Yani din adına öldüren, yağmalayan ve yakıp yıkan linç topluluklarından alacağımız ders bu mu gerçekten? Uzun zaman, din var olmasa yiyeceği için birbirini yiyen, bir kurt sürüsünün ahlakına sahip egoist hayvanlara indirgeneceğimizi ve sadece dinin bizi daha yüksek bir ruh seviyesine çıkarabileceğini söylediler. Bugün, din dünyanın dört bir yanındaki canice şiddetin başlıca kaynağı olarak ortaya çıkıyor ve Hıristiyan ya da Müslüman ya da Hindu köktencilerin yaptıkları tek şeyin inançlarının soylu ruhsal mesajına hakaret etmek, onu saptırmak olduğu söyleniyor sürekli. Peki ya ateizmin, yani belki de barış için tek şansımız olan ateizmin haysiyetini iade etmek ne olacak?

Yüz yıldan uzun bir zaman önce, Dostoyevski Karamazov Kardeşler'de tanrısız ahlaki nihilizmin tehlikeleri konusunda bizi uyardı: “Eğer Tanrı yoksa, o zaman her şey serbesttir.” Hatta Fransız “yeni filozofu” Andre Glucksmann Dostoyevski nin tanrısız nihilizme yönelik eleştirisini 9/11 e uyarladı, kitabına Dostoyevski Manhattan'da adını vermesi bunu gösteriyor. Çok yanılıyor: Günümüzde terörizm, eğer Tanrı varsa, der, o zaman her şeyi, oradan gelip geçen yüzlerce masum insan dahil her şeyi havaya uçurmak serbesttir -yani açıkça Tanrı adına, onun iradesinin araçları olarak hareket ettiklerini söyleyenler için serbesttir, çünkü, belli ki, Tanrıya açık bir bağlantı vermek bizim “sadece insani” olan sınır ve kaygıları ihlal etmemizi haklı çıkarır. “Tanrısız” Stalinist Komünistler bunun başlıca kanıtıdır: Onlar için her şey serbestti çünkü kendilerini tanrılarının, yani Komünizmin yolunda İlerlemenin Tarihsel Zorunluluğunun doğrudan araçları olarak görüyorlardı.

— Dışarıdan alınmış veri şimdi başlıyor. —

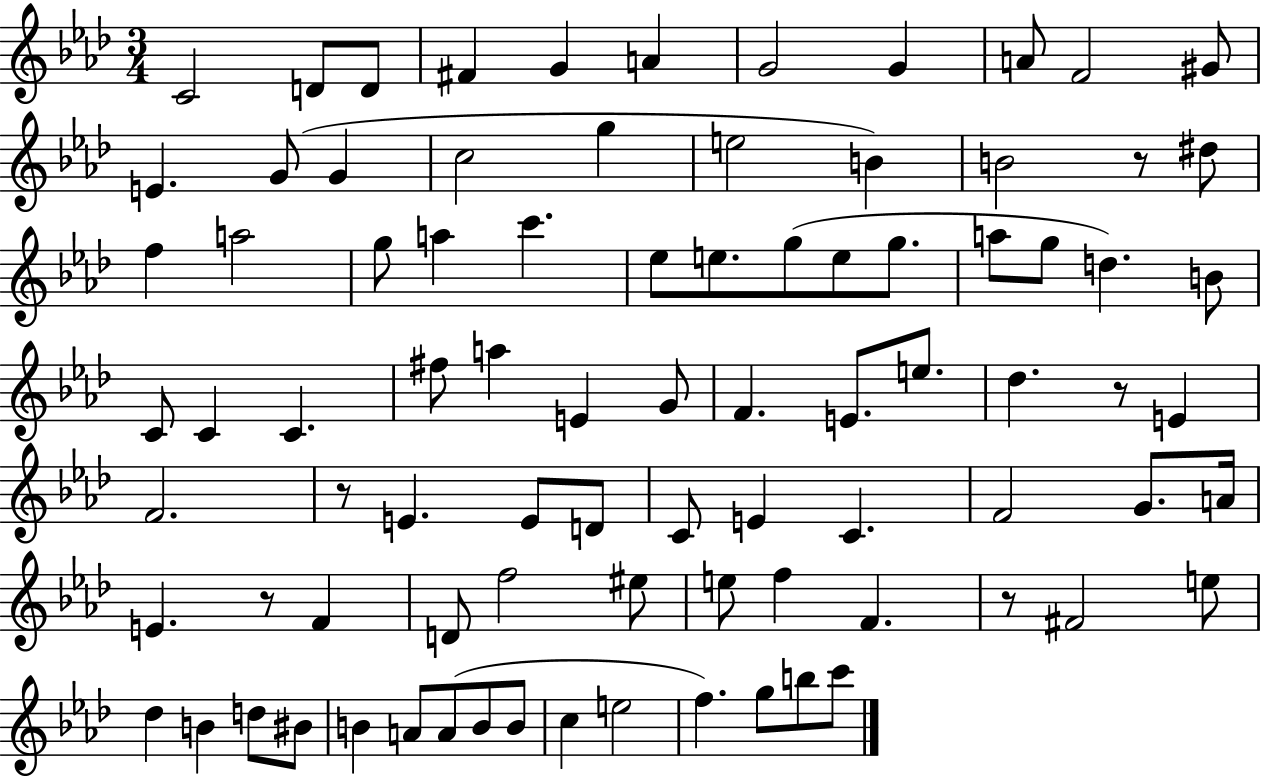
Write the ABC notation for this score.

X:1
T:Untitled
M:3/4
L:1/4
K:Ab
C2 D/2 D/2 ^F G A G2 G A/2 F2 ^G/2 E G/2 G c2 g e2 B B2 z/2 ^d/2 f a2 g/2 a c' _e/2 e/2 g/2 e/2 g/2 a/2 g/2 d B/2 C/2 C C ^f/2 a E G/2 F E/2 e/2 _d z/2 E F2 z/2 E E/2 D/2 C/2 E C F2 G/2 A/4 E z/2 F D/2 f2 ^e/2 e/2 f F z/2 ^F2 e/2 _d B d/2 ^B/2 B A/2 A/2 B/2 B/2 c e2 f g/2 b/2 c'/2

Yves le Breton, Kral St. Louis Seferi sırasında, sokakta sağ elinde içinde ateş yanan bir tabak, sol elinde de bir kase su taşıyarak dolanan yaşlı bir kadınla karşılaştığını anlatır. Ona neden böyle yaptığını sorunca, kadın ateşle Cenneti yakıp kül edeceğini, suyla da Cehennem ateşini söndüreceğini söylemiştir: “Çünkü kimsenin Cennet ödülünü almak için, ya da Cehennem korkusuyla iyilik yapmasını istemiyorum; sadece Tanrı sevgisiyle iyilik yapsınlar.” Bu kendine özgü Hıristiyan etik duruş bugün bir bakıma en çok ateizmde hayatını sürdürmektedir.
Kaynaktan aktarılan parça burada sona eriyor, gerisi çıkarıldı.